Friday, February 25, 2005

SODA Outtakes: Lloyd's algorithm and analysing heuristics

Uri Feige's invited talk at SODA 05 was on 'Rigorous Analysis of Heuristics for NP-hard Problems'. His main argument (at least in the initial portion of his talk) was that it's a good idea to analyze known heuristics for problems, because they work well in practice, and a rigorous analysis will shed light on why.

[Aside: in the theoryCS community, a "heuristic" usually refers to a procedure that has no provable performance guarantees; this could mean either no clear running time analysis, or no clear quality of optimization guarantee. The term "algorithm" is usually reserved for a procedure that has well-defined steps and ends in a well-defined state after a definite (finite) number of steps. One will occasionally find the term 'algorithm' used to refer to a heuristic in non-theory areas; beware !]

Doing such analysis, although maybe not as "sexy" as coming up with a new algorithm, is important also for "sociological" reasons. Although it might technically be correct to argue that a particular heuristic is not reliable and thus should not be used, the resolute theoretician is often faced with a mountain of empirical evidence in support of said heuristic, compared with the possibly complex and hard-to-understand algorithm that she proposes.

Some of the best known heuristics show up in clustering, especially since this is a problem that transcends many different application domains, including areas that are not as familiar with theoretical algorithmic methods. One of the best known methods for clustering with k centers is Lloyd's algorithm (or the k-means algorithm), which works essentially as a discrete variant of expectation-maximization. The algorithm itself is very simple:
1. Choose k "centers"
2. Assign each point to its nearest center.
3. Compute the k centroids of points assigned to a given center. These are the new k "centers".
4. Go back to step 2.
It is known that Lloyd's algorithm will hit a local minimum fairly quickly (though not a global one: k-means is NP-hard). However, there is no analysis of how quickly this happens. In a SODA 2005 paper, Har-Peled and Sadri examine the complexity of k-means. They show that:
1. In 1D, and in d-D (on the grid), the number of iterations of the k-means algorithm is polynomial in the number of points, the dimension, and the "spread" (the ratio of max distance to min-distance).
2. Even in 1D, there are example point sets on which the k-means algorithm takes a linear number of iterations to converge.
What they also show is that slight modifications to the k-means heuristic result in algorithms that converge in time independent of the dimension (and with much better upper bounds). The simpler of their two schemes can be described as follows: in Step 2 of the original approach, merely move one "misclassified" point to its true cluster, rather than all.

They go on to present empirical evidence in support of their claim that these algorithms generate similar quality answers (in similar time) to k-means. This part is still a work in progress: there are very fast implementations of k-means that they don't compare against, (but the data structures might be used to speed up their approach as well).

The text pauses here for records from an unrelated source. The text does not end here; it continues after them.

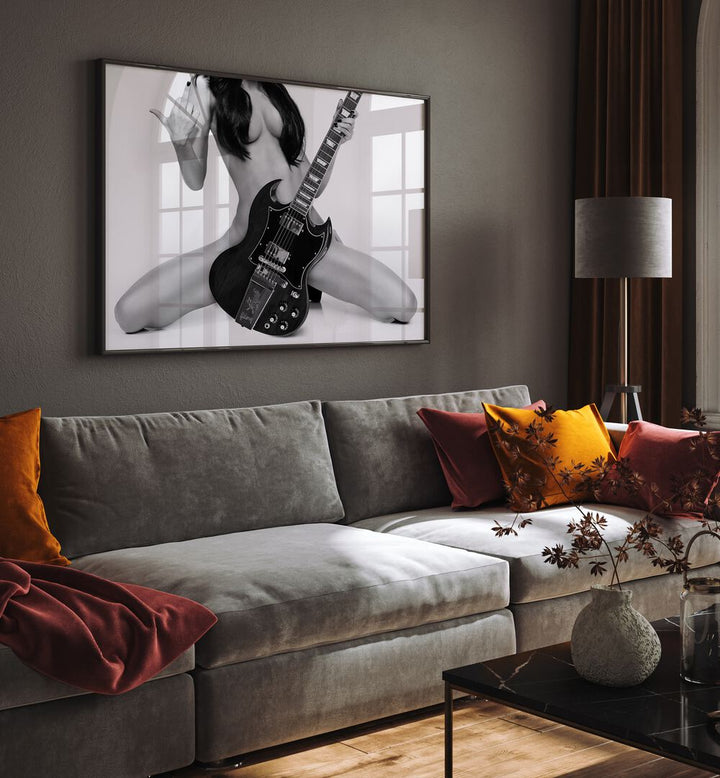 Go Rock Yourself by David Drake Fine Art Photography Fashion Photography in Black Plain Frame placed on a living room wall behind a sofa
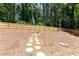 Backyard features stepping stones and a newly constructed wood fence at 510 Whistlestop Dr, Woodstock, GA 30189
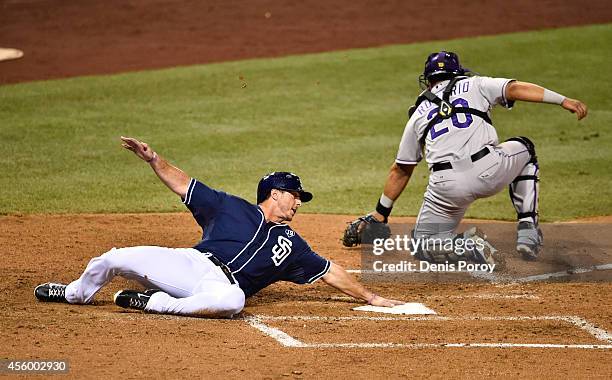 Tommy Medica of the San Diego Padres scores ahead of the throw to Wilin Rosario of the Colorado Rockies during the sixth inning of a baseball game at...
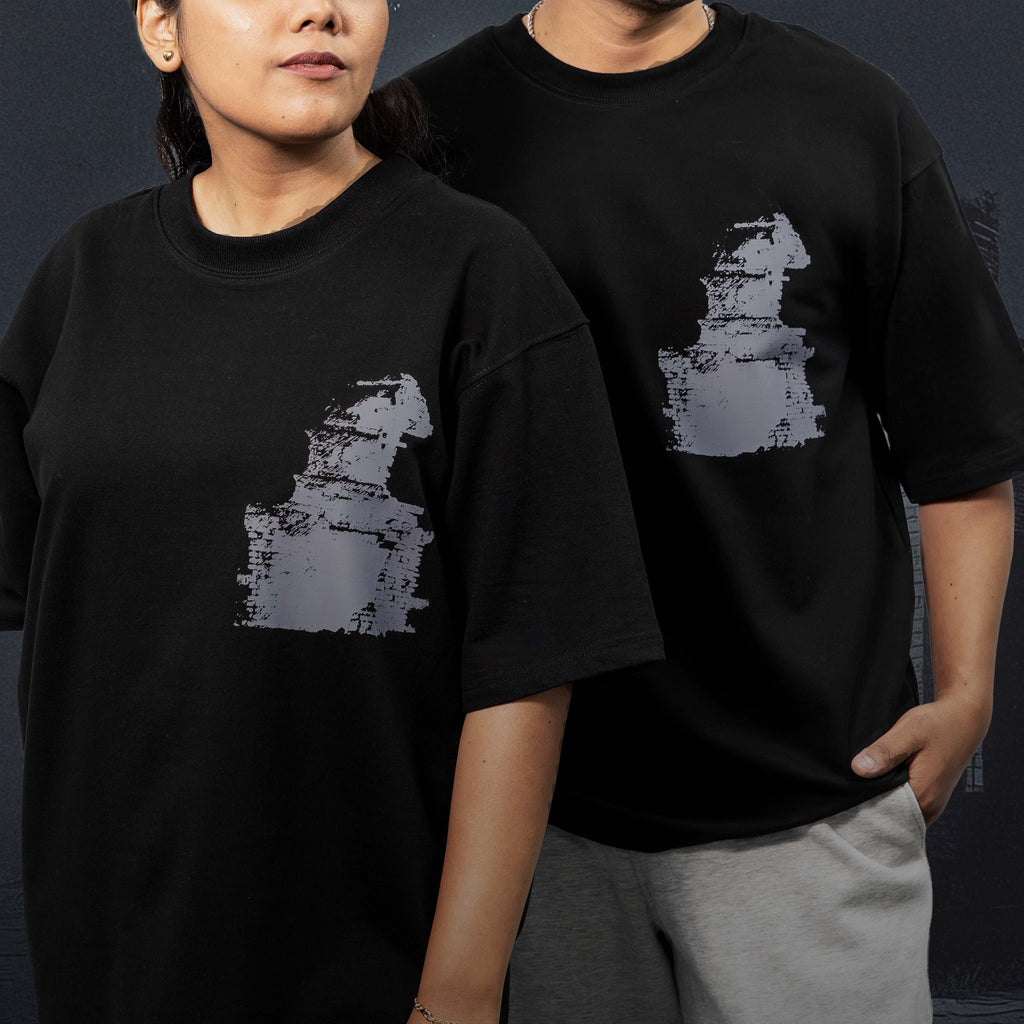 Two people wearing Dhanushkodi black oversized t-shirts with a graphic design on a dark background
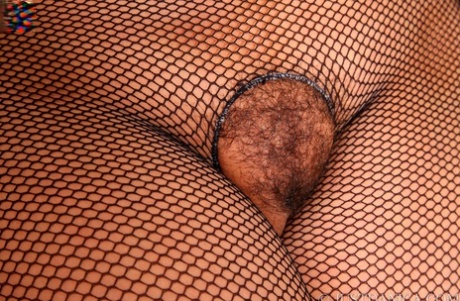 Busty mature lady Danica Collins pulls down her underwear in crotchless hose 56909791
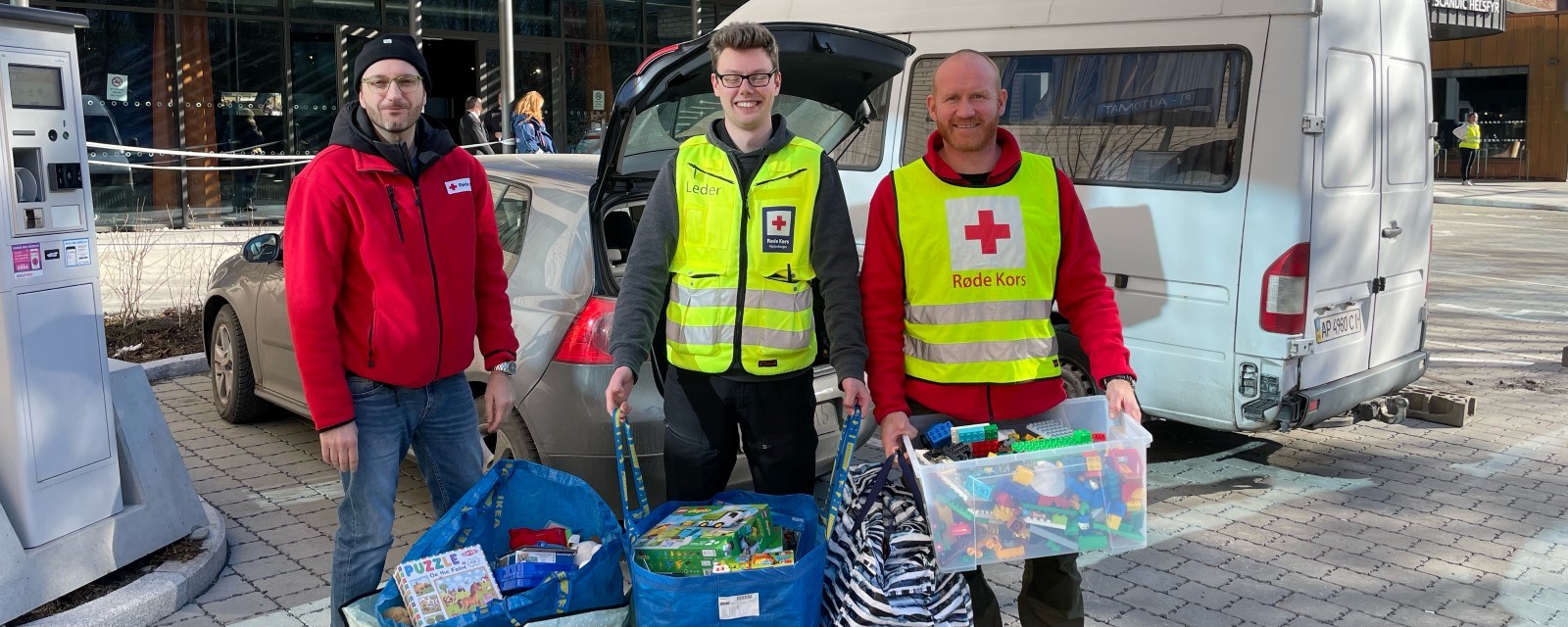 Tre menn fra Røde Kors står utenfor et bygning med store bæreposer med leker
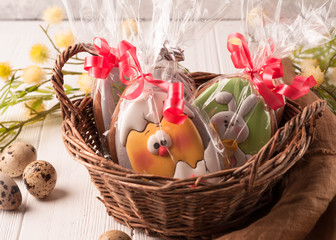 wicker basket with wrapped easter cookies near quail eggs and blossoming branch on wooden surface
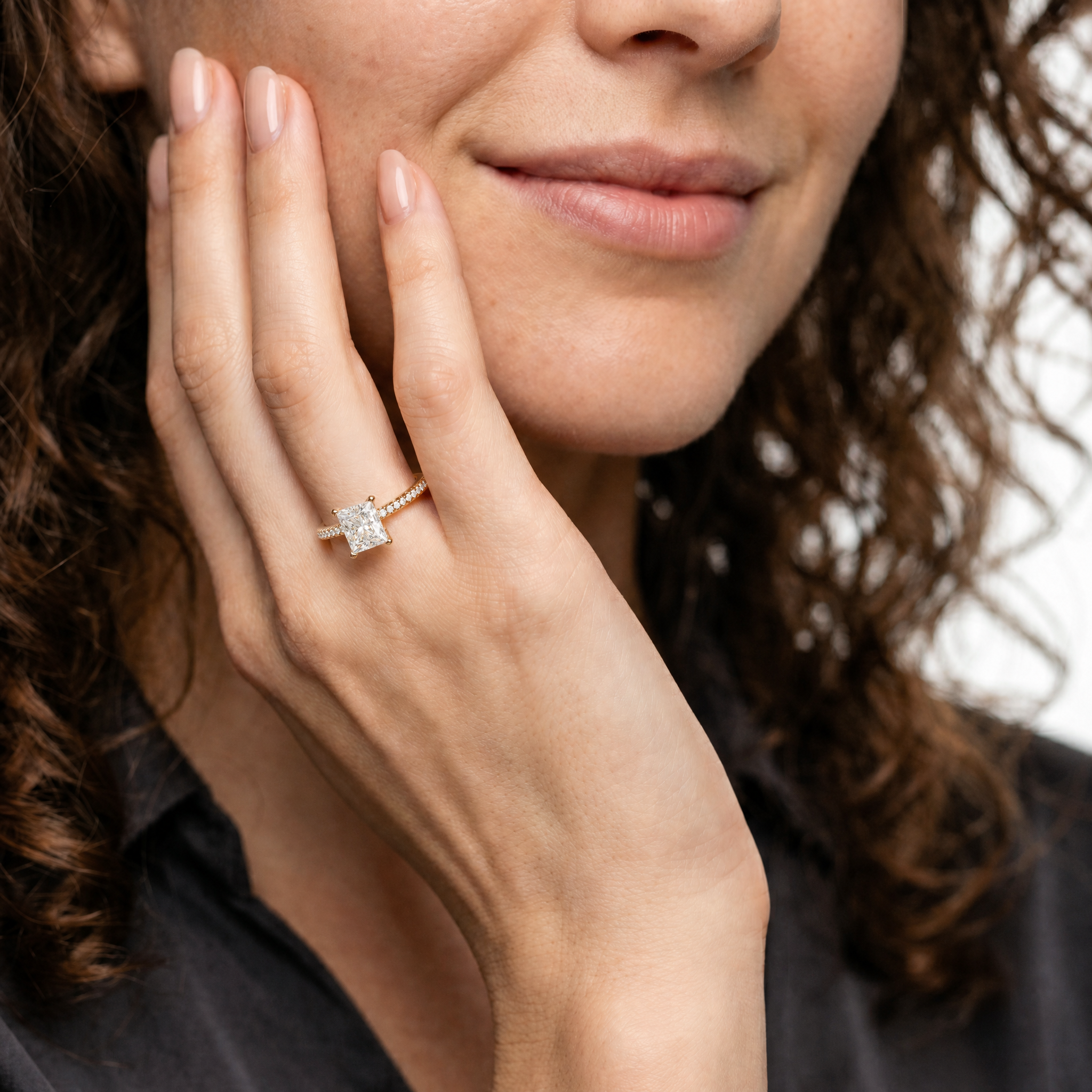 Model wearing a princess cut lab grown diamond engagement ring with pavé band in 14K gold by Raul Diamonds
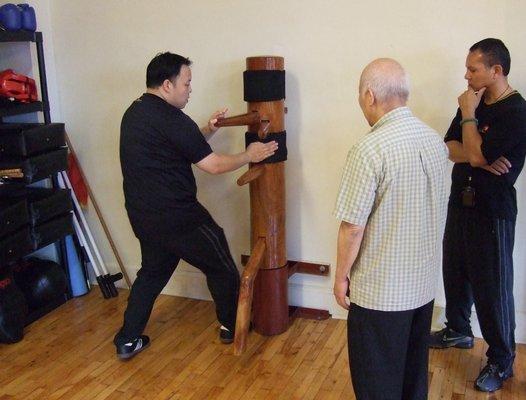 Breaking the Jong down, With Yip Man's student Moy Bing Wah, family.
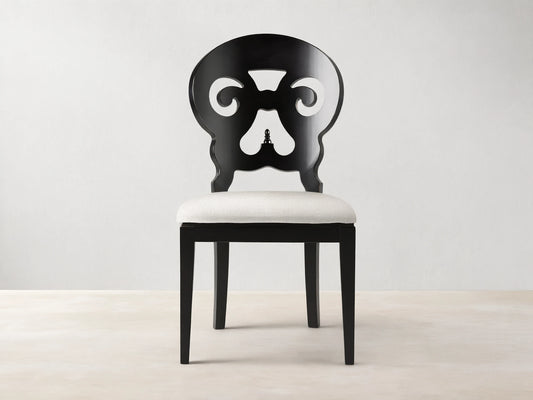 Jordan Dining Side Chair in Midnight; black wood frame with ornate back design, white padded seat, on white background.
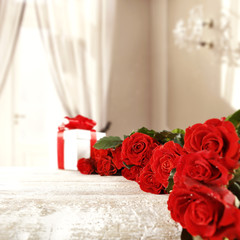 wooden desk with roses and free space for your decoration 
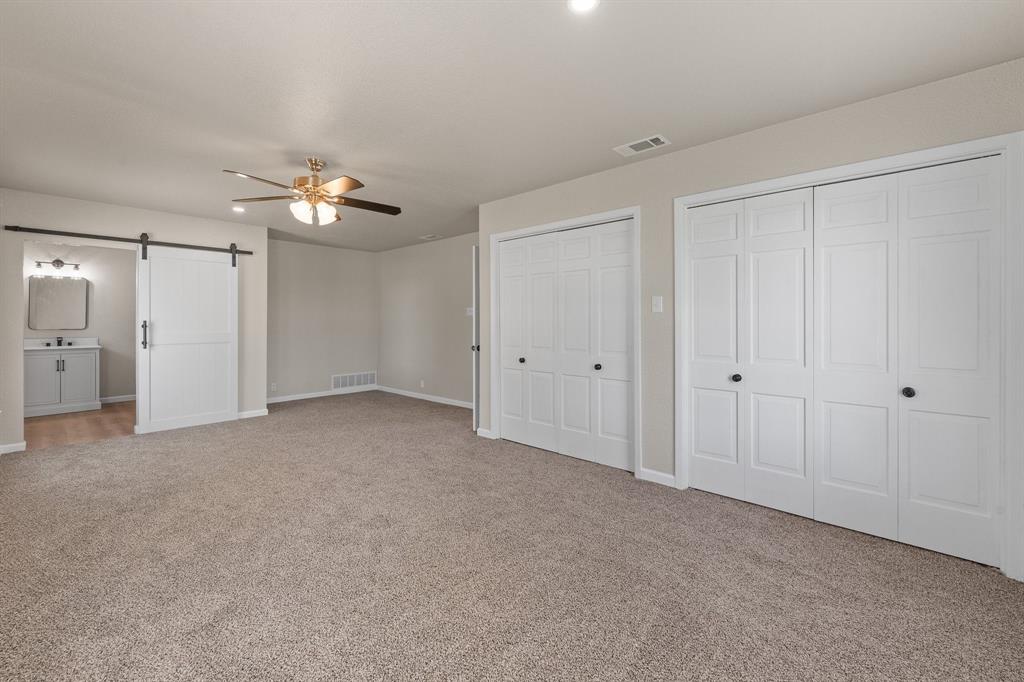 401 Edgewood Lane Cleburne, TX 76031 - Photo 13 of 39 a view of an empty room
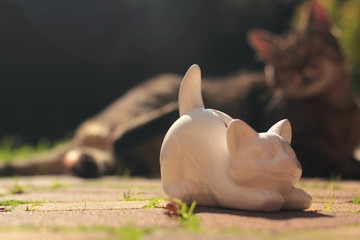 A white cat-shaped penny bank with a grey cat and a garden in the backround.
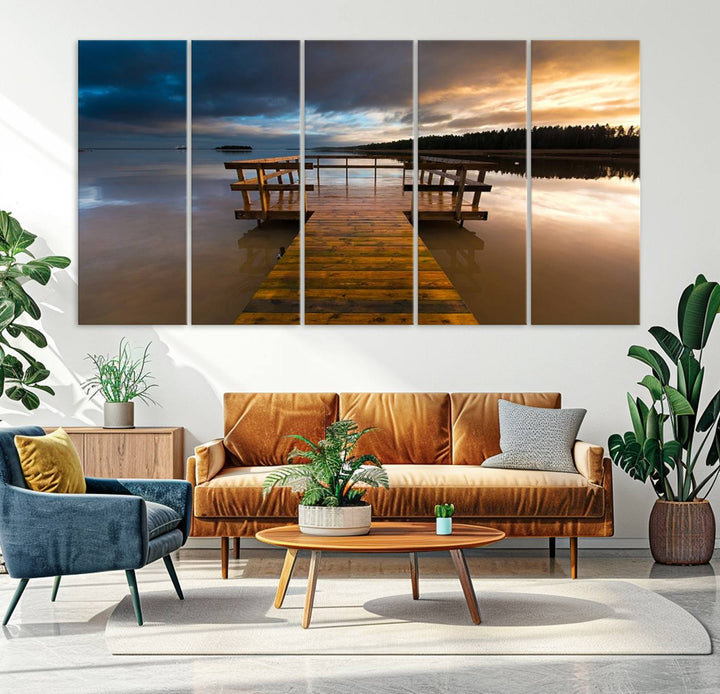 The "Serene Lake Pier at Sunset" landscape canvas print, crafted as ready-to-hang and framed wall art, enriches the contemporary setting by capturing the tranquility of a lakeside pier at sunset.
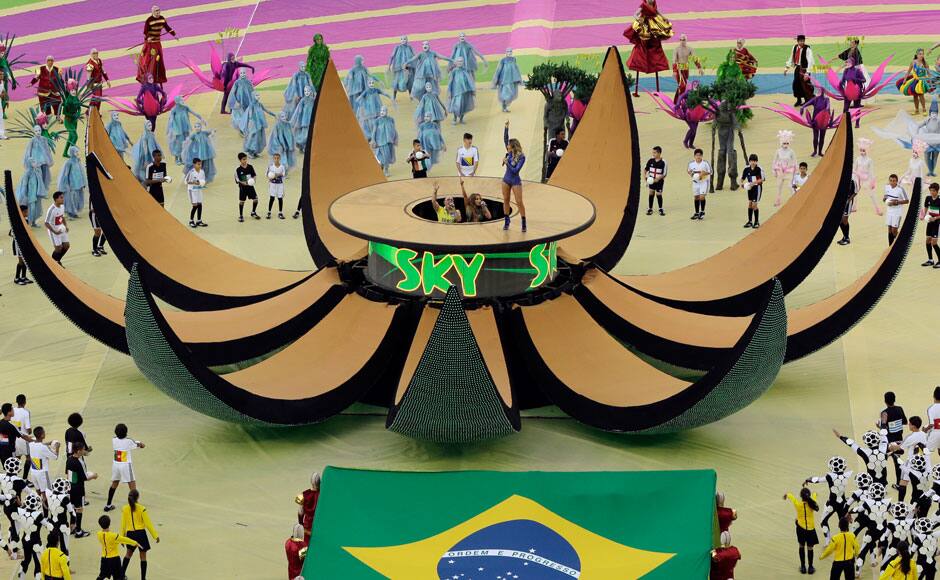 Brazilian singer Claudia Leitte, right, US singer Jennifer Lopez and rapper Pitbull perform during the opening ceremony ahead of the group A World Cup soccer match between Brazil and Croatia, the opening game of the tournament, in the Itaquerao Stadium in Sao Paulo, Brazil, Thursday, June 12, 2014. (AP Photo/Shuji Kajiyama)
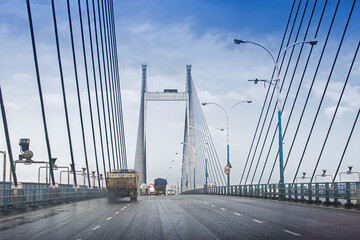 Obraz premium Vidyasagar Setu (Bridge) over river Ganges, known as 2nd Hooghly Bridge in Kolkata,West Bengal,India. Connects Howrah and Kolkata, two big cities of West Bengal. Longest Cable - stayed bridge, India.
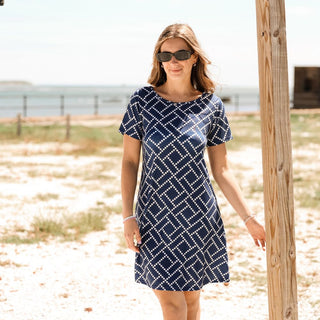 Woman wearing blue and white printed dress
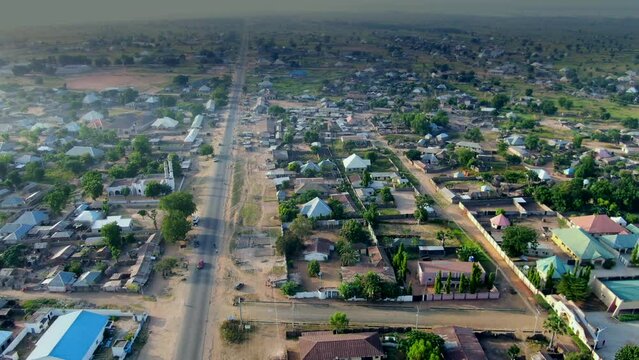 The main road through Damsa Community, Nigeria - aerial pull back reveal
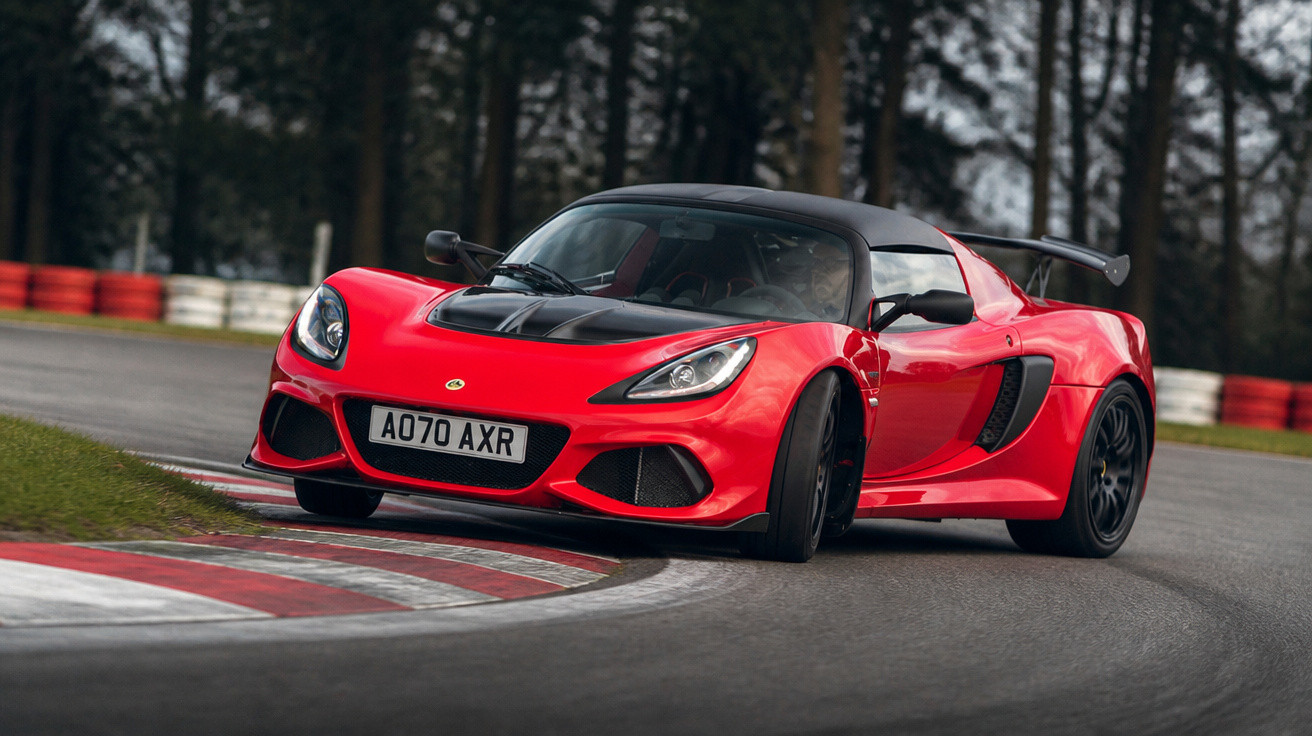 Carro esportivo vermelho com detalhes pretos fazendo curva em pista de corrida cercada por árvores.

It is not clear to me that their paper answers to any degree the question of why Lloyd's algorithm works as well as it appears to. However, the fact that they can prove bounds for their alternate algorithms suggests that maybe this is a line of attack to take when analyzing Lloyd's method. These alternates are also quite simple, and so could conceivably be used as k-means replacements if one wished guaranteed running time bounds.

One final point: the authors have their code available online. Would that more would do the same !

1. test

Posted by Suresh

2. Suresh says "It is not clear to me that their paper answers to any degree the question of why Lloyd's algorithm works as well as it appears to. "

It seems to me that your evaluation above is much
more negative than warranted. Why isn't the analysis
a large step towards asnwering things about Lloyd's
algorithm? They are presenting a worst case
lower bound. The modified algorithm
retains the intuition of the original algorithm
while giving performance bounds. A more refined
analysis would need understanding in some sense
the average case and here there can be many
interpretations. At the end of the day one
might still not "understand" why Lloyd's algorithm
works.

Posted by Chandra Chekuri

3. The gap IMO rests in the experimental setup. I don't say that the paper is deficient in this regard, but that any modification of k-means that claims to provide intuition about how it works should behave in the same way. They have some experimental evidence supporting this, but more is needed.

Maybe I should have relaxed my statement. There is some progress that has been made (which is why I mentioned this paper in the first place), but it is still unclear how to connect SinglePnt (which seems the more natural of the two alternates) and k-means.

At first cut, it appears that k-means is much more efficient because of the multiple misclassifications it fixed in each iteration. The results on SinglePnt suggest that this might be an illusion. Can some kind of dominance be proved ? Moving many points is not much better than moving one etc ?

Posted by Suresh

4. BTW, this work is hopefully a first step on this problem. Although me & Bardia went with it as far as we could, there is still a huge gap between the lower bound and the upper bound. It would be really nice to close it or just improve it, but I think it would require a new idea. A super linear (resp. quadratic) lower bound would be (resp. very) exciting even in high dimensions.

My intuition is that SinglePnt dominates the k-means method. So, my intruition is that our analysis in fact would also hold for this case. However, proving this connection I am afraid is going to be very painful, since the behavior of k-means seems to be intricate.

In fact, in the talk, I said that I "conjecture" that there is such a realtionship. The double quatation is because we want credit for this conjecture only if it is correct.

In short, this paper is wide open for further improvement...

Posted by Sariel Har-Peled